The “Anti-Pattern” of Server-Side Biometric Secrets

The Guardian and Forbes reported that researchers traced a massive leakage of 28 Million biometric and personal records to a company whose products are used worldwide for physical access control to a UK based company. The leak included centrally stored fingerprint, facial recognition, photos, unencrypted usernames and passwords, logs of facility access, security levels and clearance and personal details of staff and comprised over 23 gigabytes of data. The breach reinforces the problem with server-side biometrics and adds to a series of such prior breaches such as the OPM data breach that leaked the biometrics and personal information of US Govt. employees.

This leak points to an “anti-pattern” that security professionals and corporations should understand clearly. A pattern is an idea of how to solve a problem within a class of problems, that repeats itself. An anti-pattern is an idea of how not to solve it because implementing that idea would result in bad design.

The old proverb goes, “Why did Willie Sutton rob banks?….because the money was there!” Biometrics that are transported and aggregated centrally on the server for storage and matching are the worst kind of anti-pattern. They create stores of secrets on the server-side that are attractive for hackers to breach. The possibility of a scalable attack is large, the economic returns are very attractive, and remediation is very complicated.

By contrast, biometrics that work only on your personal device and are never shared, stored or matched on the server are an effective and secure pattern. By distributing the sensitive information and protecting it with extraordinary security, there is no central repository to attack. In other words, Willie Sutton would be out of business as a bank robber and instead be reduced to trying to pick pockets – not a scalable endeavor.

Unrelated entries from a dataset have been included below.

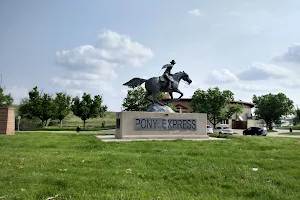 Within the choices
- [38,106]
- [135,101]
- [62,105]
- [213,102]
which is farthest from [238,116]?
[38,106]

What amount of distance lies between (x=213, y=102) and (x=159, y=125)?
31468 mm

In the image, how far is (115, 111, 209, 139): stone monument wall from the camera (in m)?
18.0

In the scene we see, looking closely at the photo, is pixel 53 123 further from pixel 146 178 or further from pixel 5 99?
pixel 146 178

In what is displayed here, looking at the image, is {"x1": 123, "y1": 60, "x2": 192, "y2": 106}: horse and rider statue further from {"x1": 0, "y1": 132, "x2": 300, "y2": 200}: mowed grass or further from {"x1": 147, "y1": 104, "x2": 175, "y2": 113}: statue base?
{"x1": 0, "y1": 132, "x2": 300, "y2": 200}: mowed grass

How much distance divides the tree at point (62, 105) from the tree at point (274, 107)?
136 feet

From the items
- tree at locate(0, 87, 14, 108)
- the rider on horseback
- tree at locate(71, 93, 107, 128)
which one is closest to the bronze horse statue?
the rider on horseback

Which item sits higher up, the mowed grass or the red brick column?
the red brick column

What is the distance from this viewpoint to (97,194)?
5.51 m

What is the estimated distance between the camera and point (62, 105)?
189ft

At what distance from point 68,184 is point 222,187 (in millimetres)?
3280

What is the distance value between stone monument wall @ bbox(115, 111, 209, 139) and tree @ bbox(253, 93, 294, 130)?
49.5 meters

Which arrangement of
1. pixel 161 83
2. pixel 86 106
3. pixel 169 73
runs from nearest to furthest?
pixel 161 83 < pixel 169 73 < pixel 86 106

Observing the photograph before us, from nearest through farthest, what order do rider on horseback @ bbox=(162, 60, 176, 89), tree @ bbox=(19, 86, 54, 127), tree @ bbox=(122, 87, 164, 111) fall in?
rider on horseback @ bbox=(162, 60, 176, 89), tree @ bbox=(122, 87, 164, 111), tree @ bbox=(19, 86, 54, 127)

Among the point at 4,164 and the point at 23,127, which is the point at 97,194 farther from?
the point at 23,127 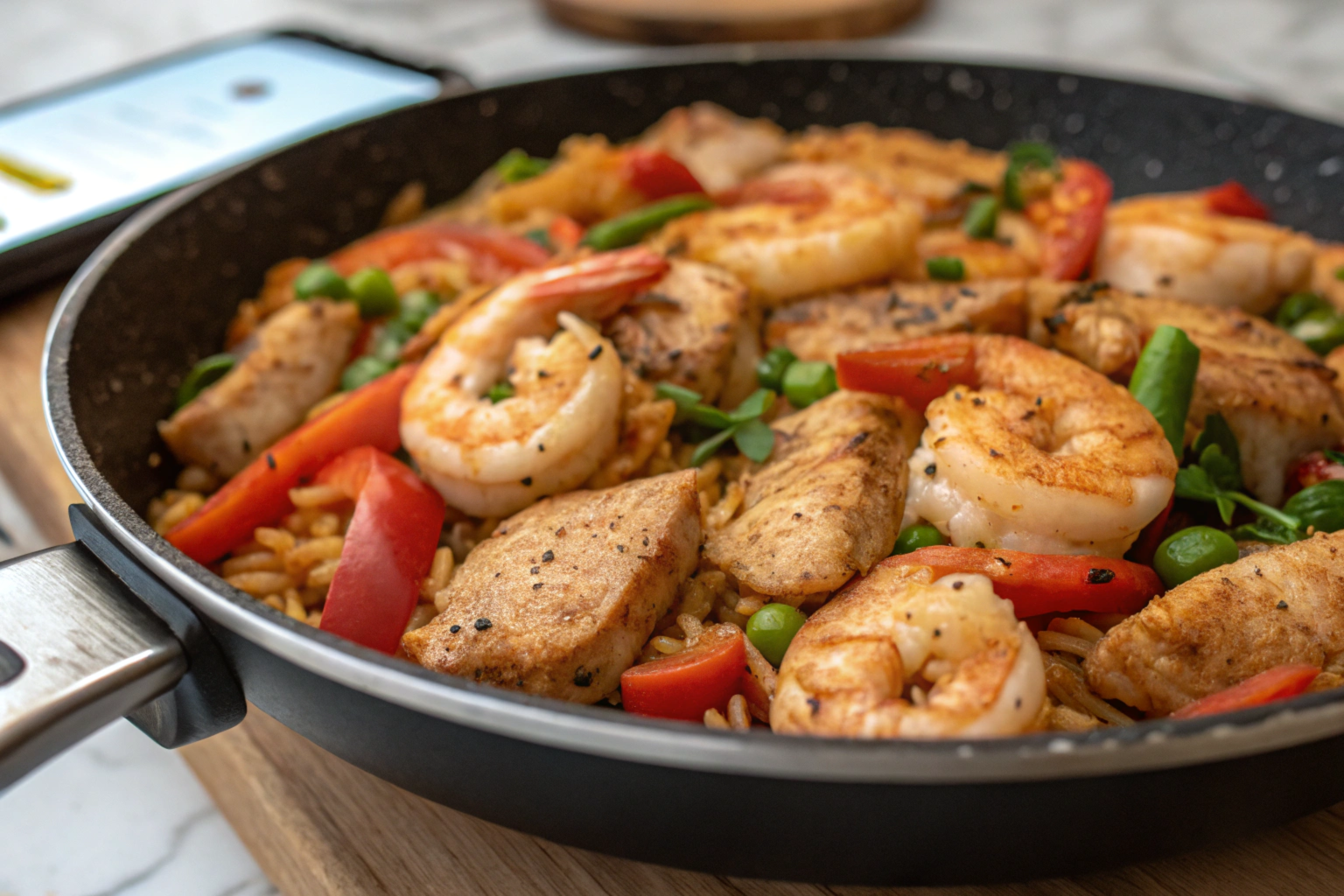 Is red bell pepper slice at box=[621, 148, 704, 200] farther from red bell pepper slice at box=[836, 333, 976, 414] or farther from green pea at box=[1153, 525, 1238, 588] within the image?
green pea at box=[1153, 525, 1238, 588]

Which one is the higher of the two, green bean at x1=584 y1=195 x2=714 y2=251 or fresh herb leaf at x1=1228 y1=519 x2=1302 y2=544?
green bean at x1=584 y1=195 x2=714 y2=251

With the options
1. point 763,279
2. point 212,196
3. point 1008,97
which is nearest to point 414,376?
point 763,279

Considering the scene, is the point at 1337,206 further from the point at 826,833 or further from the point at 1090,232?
the point at 826,833

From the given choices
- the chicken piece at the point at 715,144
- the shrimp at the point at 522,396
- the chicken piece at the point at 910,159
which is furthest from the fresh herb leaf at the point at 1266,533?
the chicken piece at the point at 715,144

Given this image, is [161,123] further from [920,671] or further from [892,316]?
[920,671]

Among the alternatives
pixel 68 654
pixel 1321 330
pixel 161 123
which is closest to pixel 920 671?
pixel 68 654

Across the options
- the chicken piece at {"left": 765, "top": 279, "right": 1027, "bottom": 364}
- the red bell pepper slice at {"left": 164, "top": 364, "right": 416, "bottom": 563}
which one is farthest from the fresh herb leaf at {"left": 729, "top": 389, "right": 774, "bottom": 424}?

Apple, Samsung and others have proven that by distributing and localizing biometrics to a personal device that is in your control and by placing extraordinary controls around the biometric capture and matching, you can use biometrics as an effective secure pattern. In this case, the data is distributed, and you can at best try a targeted attack on individuals, one at a time – even that is so difficult that the economic incentives are not attractive.

Nok Nok Labs believes deeply in the idea that for privacy, security and the prevention of catastrophic failures like the breach above, corporations should only use the client-side-only biometric pattern as implemented by reputable vendors. We believe this so deeply that we incorporated this as a basic design principle in the creation of the FIDO protocols at the FIDO Alliance that we founded in 2013. The protocols created a more resilient distributed security pattern and are backed today by industry leaders such as Google, Microsoft, Intel, ARM, Samsung, Lenovo, VISA, MasterCard and others who have joined the alliance.

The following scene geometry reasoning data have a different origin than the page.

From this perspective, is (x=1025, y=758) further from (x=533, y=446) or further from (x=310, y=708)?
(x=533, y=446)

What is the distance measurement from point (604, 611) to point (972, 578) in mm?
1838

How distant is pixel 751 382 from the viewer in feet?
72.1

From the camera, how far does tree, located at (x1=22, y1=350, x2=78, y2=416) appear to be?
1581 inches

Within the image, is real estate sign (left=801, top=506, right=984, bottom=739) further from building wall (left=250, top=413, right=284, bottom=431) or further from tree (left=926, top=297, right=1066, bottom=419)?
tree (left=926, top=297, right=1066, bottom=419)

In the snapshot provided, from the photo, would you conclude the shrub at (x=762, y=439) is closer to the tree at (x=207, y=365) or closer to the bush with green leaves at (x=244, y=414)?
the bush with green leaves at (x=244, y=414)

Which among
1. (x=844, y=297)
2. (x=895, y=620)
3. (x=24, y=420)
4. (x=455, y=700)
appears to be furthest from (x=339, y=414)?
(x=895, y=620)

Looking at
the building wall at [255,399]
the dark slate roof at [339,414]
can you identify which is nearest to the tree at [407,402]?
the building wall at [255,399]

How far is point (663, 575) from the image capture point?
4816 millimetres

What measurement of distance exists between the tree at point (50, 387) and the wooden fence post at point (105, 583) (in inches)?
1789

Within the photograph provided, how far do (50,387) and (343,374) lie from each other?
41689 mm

The FIDO protocols represent a good pattern to solve the problem of server-side secret aggregation. Users can leverage a method of authentication that is natural and convenient such as the client-side-store-and-match biometrics on a personal device including a phone or a physical token such as a USB or Bluetooth dongle. The standard ensures that there are no aggregations of secrets (as would be the case with passwords) and is designed to mitigate scalable attacks of all kinds such as phishing, interception by Man-in-the-Middle or compromises of a central repository of passwords. Developers get a simplified interface to implement this, and operators can rely on a single backend infrastructure regardless of device, method of authentication or security requirements. In other words, the standard ensures simplicity for the user, developer and operator.

It’s a well-kept secret that FIDO is already deployed widely and used daily by nearly a billion users at major brands such as Intuit, Bank of America, T-Mobile, Cigna, Google and Microsoft in the US and across Asia at DOCOMO, Softbank, Yahoo! Japan, and some of the largest banks in the region. It is expected to be deployed by most forward-thinking brands by 2020.